Short descriptive text snippets:
------------------------
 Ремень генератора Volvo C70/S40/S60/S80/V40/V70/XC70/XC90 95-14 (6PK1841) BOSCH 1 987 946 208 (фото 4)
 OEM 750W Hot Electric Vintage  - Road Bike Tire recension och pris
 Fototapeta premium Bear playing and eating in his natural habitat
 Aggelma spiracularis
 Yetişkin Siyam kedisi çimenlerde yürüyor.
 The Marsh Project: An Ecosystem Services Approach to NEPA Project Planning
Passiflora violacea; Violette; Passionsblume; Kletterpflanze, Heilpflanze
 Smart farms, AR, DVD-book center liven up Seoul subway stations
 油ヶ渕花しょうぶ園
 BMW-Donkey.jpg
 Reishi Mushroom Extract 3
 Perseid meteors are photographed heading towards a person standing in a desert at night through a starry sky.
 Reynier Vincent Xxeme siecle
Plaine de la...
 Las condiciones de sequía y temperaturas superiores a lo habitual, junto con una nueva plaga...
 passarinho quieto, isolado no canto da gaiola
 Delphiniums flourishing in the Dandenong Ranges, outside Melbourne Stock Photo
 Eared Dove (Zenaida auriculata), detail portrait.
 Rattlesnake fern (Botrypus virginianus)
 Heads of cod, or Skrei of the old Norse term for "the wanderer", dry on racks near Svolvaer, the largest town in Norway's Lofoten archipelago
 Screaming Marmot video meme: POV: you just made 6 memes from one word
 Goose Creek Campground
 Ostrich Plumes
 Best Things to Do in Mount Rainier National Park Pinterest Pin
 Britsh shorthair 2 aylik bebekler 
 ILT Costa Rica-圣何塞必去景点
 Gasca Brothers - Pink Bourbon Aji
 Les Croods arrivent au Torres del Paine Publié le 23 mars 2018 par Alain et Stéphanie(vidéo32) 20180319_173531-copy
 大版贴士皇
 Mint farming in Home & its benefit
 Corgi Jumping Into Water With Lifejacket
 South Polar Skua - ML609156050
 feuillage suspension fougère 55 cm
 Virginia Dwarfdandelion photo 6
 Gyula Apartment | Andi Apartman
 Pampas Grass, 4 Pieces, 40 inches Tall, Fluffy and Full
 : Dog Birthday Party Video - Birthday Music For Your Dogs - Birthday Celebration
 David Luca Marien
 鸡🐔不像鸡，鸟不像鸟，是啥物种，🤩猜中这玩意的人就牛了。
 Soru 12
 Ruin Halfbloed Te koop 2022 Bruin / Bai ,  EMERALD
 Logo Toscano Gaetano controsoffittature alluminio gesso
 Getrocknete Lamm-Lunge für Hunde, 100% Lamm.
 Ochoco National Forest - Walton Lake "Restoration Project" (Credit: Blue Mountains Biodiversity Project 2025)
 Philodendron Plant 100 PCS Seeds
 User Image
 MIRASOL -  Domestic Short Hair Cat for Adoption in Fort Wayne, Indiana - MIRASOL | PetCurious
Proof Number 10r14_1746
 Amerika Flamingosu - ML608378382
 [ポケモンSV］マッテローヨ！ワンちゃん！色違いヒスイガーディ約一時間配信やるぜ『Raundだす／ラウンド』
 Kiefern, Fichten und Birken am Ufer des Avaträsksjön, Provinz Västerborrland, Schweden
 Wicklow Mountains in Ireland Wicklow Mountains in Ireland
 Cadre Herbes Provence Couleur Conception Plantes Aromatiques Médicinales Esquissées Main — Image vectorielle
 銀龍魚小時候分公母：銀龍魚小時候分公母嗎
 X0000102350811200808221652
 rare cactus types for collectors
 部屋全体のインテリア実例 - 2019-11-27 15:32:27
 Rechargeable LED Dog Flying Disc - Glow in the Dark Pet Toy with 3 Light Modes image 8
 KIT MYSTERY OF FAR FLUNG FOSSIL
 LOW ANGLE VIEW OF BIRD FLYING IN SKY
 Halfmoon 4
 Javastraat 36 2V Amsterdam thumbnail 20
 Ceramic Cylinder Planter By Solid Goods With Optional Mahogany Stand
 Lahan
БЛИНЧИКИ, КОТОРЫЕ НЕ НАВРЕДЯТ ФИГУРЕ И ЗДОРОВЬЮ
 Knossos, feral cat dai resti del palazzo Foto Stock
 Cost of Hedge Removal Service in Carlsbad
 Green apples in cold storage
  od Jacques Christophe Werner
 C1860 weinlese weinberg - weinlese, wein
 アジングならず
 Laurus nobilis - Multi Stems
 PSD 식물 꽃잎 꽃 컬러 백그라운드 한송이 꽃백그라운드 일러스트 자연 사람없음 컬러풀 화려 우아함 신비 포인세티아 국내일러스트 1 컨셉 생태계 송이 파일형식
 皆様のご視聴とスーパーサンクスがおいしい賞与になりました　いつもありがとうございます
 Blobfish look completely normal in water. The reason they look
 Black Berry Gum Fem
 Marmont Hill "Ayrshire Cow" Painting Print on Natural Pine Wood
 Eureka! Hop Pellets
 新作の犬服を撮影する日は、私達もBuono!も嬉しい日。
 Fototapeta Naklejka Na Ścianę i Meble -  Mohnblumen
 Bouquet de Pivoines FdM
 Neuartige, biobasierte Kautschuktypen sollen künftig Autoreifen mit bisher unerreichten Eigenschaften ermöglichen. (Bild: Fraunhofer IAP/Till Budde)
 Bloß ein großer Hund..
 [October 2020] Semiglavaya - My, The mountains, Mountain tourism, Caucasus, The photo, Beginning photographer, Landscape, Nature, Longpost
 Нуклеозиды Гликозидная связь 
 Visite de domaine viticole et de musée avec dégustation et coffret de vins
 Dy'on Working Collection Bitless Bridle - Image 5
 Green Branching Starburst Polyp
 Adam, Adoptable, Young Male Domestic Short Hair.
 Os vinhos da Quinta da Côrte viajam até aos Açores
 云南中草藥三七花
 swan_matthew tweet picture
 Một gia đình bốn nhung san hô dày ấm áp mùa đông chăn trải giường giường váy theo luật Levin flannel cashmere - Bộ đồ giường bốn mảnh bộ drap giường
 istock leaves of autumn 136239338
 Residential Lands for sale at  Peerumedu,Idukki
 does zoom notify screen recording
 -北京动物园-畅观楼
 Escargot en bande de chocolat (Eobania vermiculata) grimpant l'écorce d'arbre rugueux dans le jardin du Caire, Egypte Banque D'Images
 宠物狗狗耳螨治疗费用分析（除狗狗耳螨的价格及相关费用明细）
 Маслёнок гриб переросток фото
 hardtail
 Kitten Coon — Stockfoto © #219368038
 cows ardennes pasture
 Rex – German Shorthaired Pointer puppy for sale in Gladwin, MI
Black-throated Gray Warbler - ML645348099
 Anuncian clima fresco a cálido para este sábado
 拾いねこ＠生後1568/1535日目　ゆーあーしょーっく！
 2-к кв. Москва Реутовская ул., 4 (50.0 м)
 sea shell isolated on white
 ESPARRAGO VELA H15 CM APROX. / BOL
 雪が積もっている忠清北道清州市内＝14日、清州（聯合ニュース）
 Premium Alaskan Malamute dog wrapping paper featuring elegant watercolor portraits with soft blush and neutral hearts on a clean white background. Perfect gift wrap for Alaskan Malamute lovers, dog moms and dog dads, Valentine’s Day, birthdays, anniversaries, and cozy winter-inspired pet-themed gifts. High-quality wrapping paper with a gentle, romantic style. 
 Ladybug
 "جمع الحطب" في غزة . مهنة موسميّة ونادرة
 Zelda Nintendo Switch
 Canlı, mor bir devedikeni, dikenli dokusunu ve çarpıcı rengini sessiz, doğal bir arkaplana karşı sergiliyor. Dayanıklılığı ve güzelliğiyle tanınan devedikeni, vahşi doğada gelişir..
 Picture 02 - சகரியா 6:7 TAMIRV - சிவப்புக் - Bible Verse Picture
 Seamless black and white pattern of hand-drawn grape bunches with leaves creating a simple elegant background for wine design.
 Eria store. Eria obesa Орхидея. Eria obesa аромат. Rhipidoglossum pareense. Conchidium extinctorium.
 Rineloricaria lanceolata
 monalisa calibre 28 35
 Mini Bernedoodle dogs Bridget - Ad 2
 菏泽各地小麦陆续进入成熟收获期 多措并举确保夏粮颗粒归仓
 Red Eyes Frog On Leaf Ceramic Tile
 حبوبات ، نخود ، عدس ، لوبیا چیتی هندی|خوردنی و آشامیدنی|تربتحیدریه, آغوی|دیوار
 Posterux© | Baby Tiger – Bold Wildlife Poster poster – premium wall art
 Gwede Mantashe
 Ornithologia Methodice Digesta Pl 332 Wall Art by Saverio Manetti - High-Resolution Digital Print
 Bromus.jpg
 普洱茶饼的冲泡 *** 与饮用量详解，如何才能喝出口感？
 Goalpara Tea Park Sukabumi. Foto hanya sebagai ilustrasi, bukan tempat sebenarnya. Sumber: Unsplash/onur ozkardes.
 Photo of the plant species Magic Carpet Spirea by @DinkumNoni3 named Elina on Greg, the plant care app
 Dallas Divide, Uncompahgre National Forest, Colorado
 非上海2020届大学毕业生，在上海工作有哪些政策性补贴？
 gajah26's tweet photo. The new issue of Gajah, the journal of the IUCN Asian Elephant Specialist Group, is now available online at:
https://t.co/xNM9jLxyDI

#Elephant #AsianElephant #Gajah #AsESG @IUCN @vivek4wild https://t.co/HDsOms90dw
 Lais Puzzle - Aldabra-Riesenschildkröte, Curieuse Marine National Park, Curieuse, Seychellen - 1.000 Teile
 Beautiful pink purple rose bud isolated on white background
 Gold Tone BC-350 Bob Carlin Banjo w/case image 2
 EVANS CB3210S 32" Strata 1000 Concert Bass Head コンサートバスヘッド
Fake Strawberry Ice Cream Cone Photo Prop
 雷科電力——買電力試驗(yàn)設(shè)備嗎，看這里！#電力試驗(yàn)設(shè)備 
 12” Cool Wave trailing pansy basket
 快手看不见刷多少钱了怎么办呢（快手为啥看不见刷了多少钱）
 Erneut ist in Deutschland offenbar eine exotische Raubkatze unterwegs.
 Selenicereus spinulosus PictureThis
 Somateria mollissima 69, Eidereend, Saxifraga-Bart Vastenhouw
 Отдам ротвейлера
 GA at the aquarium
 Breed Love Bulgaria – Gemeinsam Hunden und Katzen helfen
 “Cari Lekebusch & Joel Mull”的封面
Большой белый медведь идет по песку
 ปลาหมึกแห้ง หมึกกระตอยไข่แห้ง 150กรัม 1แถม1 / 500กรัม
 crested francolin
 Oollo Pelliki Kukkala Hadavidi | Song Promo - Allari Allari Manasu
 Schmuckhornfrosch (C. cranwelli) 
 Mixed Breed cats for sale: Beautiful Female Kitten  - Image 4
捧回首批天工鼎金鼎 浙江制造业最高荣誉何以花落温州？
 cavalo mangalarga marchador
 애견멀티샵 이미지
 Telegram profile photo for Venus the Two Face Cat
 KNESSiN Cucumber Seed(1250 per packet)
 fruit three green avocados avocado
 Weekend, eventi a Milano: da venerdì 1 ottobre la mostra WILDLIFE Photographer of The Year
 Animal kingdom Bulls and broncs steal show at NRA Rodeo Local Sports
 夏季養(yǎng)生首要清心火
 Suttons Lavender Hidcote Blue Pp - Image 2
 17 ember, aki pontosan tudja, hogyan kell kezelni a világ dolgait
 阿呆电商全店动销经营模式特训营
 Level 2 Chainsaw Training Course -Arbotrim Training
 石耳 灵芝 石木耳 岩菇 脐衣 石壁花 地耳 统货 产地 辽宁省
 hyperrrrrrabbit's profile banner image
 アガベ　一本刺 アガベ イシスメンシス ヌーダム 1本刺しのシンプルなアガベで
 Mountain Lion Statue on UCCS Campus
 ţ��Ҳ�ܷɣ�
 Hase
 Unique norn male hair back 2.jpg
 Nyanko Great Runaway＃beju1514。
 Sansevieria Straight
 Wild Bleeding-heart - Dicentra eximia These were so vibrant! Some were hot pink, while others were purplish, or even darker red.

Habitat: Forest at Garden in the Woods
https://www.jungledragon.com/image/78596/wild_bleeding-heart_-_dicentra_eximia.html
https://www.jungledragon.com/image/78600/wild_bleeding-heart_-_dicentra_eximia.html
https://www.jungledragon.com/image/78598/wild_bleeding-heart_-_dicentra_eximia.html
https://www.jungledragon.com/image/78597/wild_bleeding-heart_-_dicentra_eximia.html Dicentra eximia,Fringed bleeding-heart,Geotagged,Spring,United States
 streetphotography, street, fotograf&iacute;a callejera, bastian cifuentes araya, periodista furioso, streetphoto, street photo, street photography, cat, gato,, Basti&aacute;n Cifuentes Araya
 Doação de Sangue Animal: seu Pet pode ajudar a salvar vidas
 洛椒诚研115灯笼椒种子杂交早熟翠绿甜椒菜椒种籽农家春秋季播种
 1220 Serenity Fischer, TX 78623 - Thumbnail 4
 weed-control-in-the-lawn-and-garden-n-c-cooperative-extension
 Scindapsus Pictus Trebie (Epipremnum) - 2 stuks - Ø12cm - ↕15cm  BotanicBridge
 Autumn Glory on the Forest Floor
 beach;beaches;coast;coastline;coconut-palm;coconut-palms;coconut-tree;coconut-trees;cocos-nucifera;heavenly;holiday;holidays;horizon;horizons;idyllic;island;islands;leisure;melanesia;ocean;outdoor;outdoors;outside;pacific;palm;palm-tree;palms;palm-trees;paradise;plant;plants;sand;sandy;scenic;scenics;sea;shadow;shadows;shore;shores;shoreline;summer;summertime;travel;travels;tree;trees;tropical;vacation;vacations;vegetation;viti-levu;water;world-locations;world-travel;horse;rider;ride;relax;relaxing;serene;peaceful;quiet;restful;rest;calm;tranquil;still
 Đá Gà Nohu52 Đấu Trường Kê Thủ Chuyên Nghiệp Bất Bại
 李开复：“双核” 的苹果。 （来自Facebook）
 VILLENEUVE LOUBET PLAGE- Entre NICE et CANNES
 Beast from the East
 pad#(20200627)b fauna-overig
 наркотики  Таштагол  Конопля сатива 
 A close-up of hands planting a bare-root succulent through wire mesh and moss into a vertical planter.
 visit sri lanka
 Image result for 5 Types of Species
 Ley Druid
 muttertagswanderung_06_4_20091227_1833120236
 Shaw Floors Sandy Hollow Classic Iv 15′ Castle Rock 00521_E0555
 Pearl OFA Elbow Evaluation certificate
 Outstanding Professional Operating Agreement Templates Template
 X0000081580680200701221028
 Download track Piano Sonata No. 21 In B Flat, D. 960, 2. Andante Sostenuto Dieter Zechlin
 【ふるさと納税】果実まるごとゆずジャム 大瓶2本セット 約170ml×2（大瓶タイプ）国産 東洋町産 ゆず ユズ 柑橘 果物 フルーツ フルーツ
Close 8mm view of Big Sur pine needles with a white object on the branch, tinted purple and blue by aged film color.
------------------------
*YOUR OBJECTIVE:* Would you retype exactly the lines above, from the line with "Corgi Jumping Into Water With Lifejacket" to the line with "MIRASOL | PetCurious", with both end lines kept and nothing more?

*SOLUTION:*
 Corgi Jumping Into Water With Lifejacket
 South Polar Skua - ML609156050
 feuillage suspension fougère 55 cm
 Virginia Dwarfdandelion photo 6
 Gyula Apartment | Andi Apartman
 Pampas Grass, 4 Pieces, 40 inches Tall, Fluffy and Full
 : Dog Birthday Party Video - Birthday Music For Your Dogs - Birthday Celebration
 David Luca Marien
 鸡🐔不像鸡，鸟不像鸟，是啥物种，🤩猜中这玩意的人就牛了。
 Soru 12
 Ruin Halfbloed Te koop 2022 Bruin / Bai ,  EMERALD
 Logo Toscano Gaetano controsoffittature alluminio gesso
 Getrocknete Lamm-Lunge für Hunde, 100% Lamm.
 Ochoco National Forest - Walton Lake "Restoration Project" (Credit: Blue Mountains Biodiversity Project 2025)
 Philodendron Plant 100 PCS Seeds
 User Image
 MIRASOL -  Domestic Short Hair Cat for Adoption in Fort Wayne, Indiana - MIRASOL | PetCurious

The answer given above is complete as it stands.